◆ TASK GOAL ◆
For the entries below, the result should be an exact transcription of the lines from the one with "Ansicht des Hauses" up to and including the one with "Purple and yellow", and only those.
---------- THE DATA ----------
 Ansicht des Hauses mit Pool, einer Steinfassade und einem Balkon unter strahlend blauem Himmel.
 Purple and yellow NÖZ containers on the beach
----------
---------- THE DATA ----------
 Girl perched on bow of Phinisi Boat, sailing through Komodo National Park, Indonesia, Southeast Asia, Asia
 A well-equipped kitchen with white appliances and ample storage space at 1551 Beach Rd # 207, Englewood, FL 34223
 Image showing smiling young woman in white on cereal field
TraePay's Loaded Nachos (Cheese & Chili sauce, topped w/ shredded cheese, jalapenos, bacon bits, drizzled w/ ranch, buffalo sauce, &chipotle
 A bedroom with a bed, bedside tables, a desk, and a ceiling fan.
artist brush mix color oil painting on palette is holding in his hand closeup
----------
◆ ANSWER FOR THE TASK ◆
 Ansicht des Hauses mit Pool, einer Steinfassade und einem Balkon unter strahlend blauem Himmel.
 Purple and yellow NÖZ containers on the beach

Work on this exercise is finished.